Excerpted data START

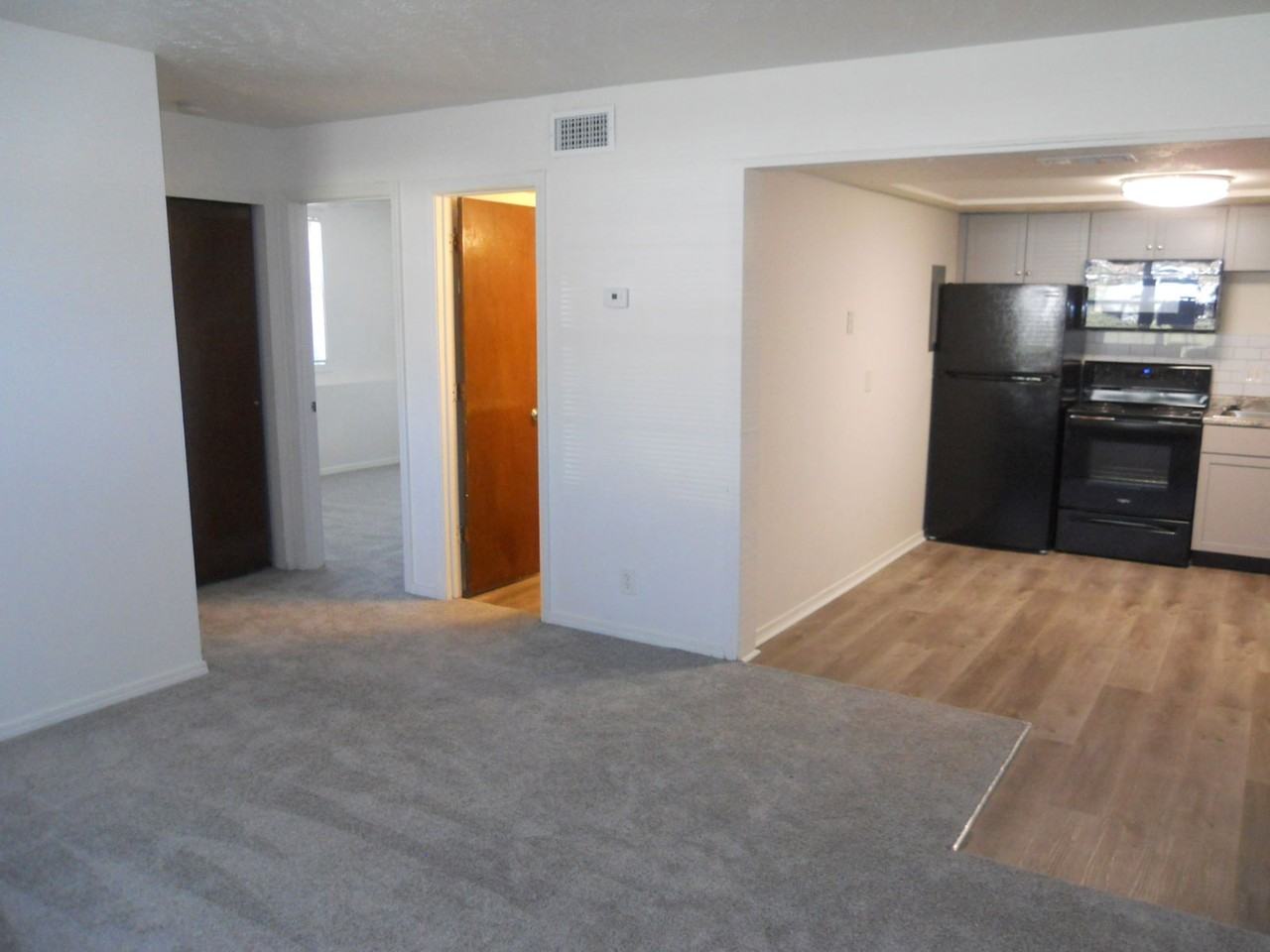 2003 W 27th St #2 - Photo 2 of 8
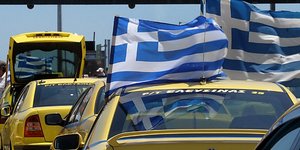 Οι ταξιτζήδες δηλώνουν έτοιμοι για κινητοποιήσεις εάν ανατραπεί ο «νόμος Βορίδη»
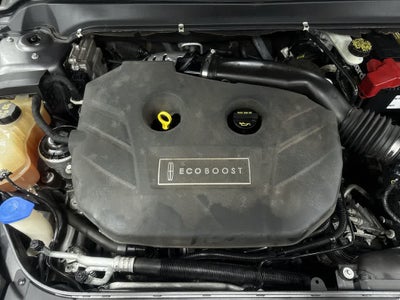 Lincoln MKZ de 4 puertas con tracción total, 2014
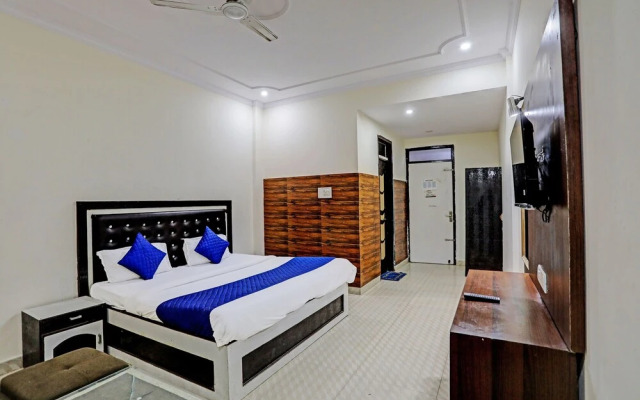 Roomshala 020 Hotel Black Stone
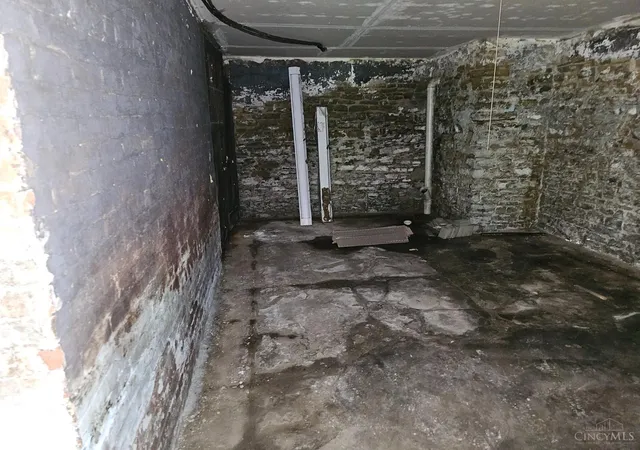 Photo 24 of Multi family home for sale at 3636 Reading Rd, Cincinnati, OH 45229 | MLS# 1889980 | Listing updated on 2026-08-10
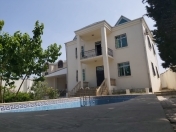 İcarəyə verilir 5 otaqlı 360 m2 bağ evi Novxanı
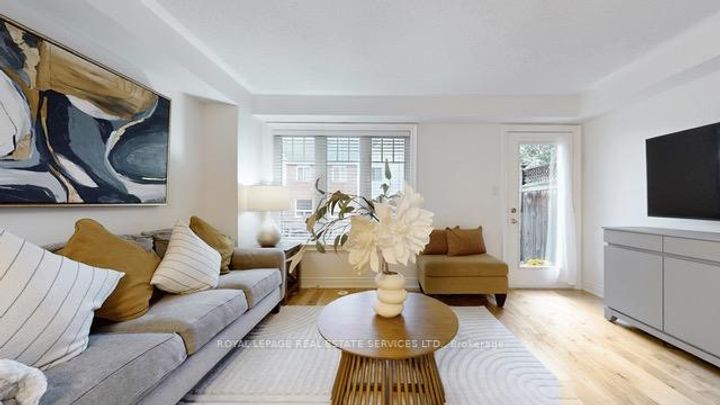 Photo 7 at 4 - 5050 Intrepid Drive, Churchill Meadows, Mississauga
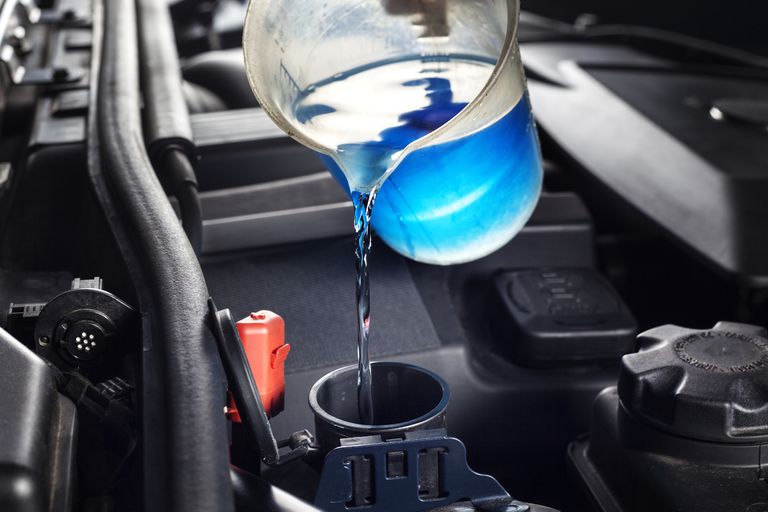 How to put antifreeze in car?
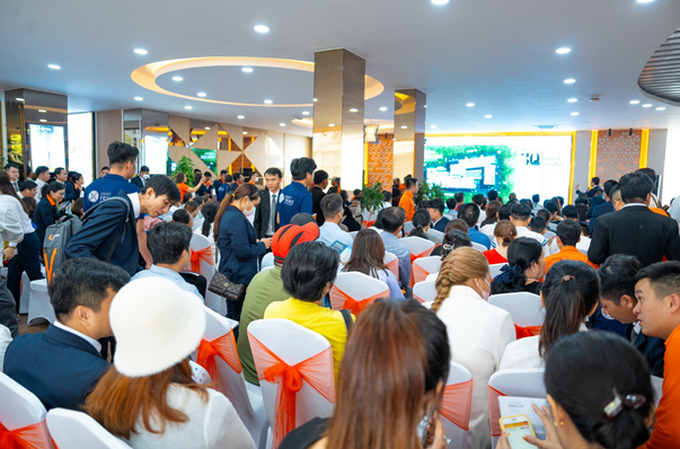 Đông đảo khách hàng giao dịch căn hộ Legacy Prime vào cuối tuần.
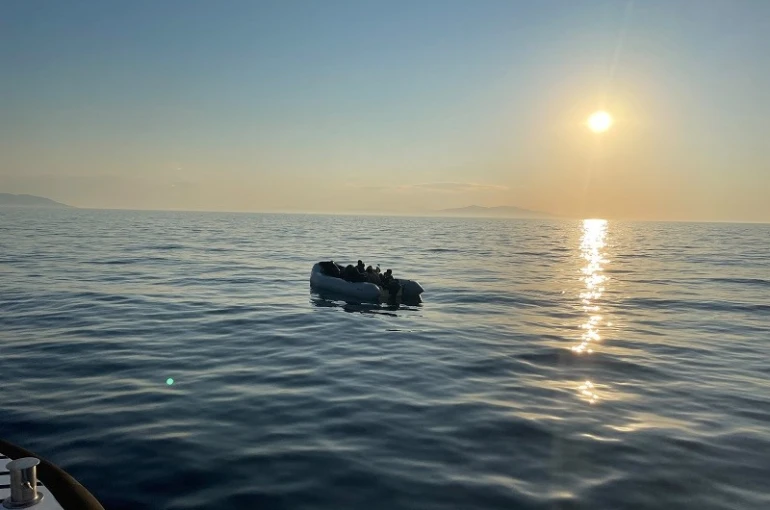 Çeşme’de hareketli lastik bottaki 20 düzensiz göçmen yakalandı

Excerpted data END

§ **Required work**: Output every entry verbatim but skip the pictures.

§ **Exercise response**:
 2003 W 27th St #2 - Photo 2 of 8
 Οι ταξιτζήδες δηλώνουν έτοιμοι για κινητοποιήσεις εάν ανατραπεί ο «νόμος Βορίδη»
 Lincoln MKZ de 4 puertas con tracción total, 2014
 Roomshala 020 Hotel Black Stone
 Photo 24 of Multi family home for sale at 3636 Reading Rd, Cincinnati, OH 45229 | MLS# 1889980 | Listing updated on 2026-08-10
 İcarəyə verilir 5 otaqlı 360 m2 bağ evi Novxanı
 Photo 7 at 4 - 5050 Intrepid Drive, Churchill Meadows, Mississauga
 How to put antifreeze in car?
 Đông đảo khách hàng giao dịch căn hộ Legacy Prime vào cuối tuần.
 Çeşme’de hareketli lastik bottaki 20 düzensiz göçmen yakalandı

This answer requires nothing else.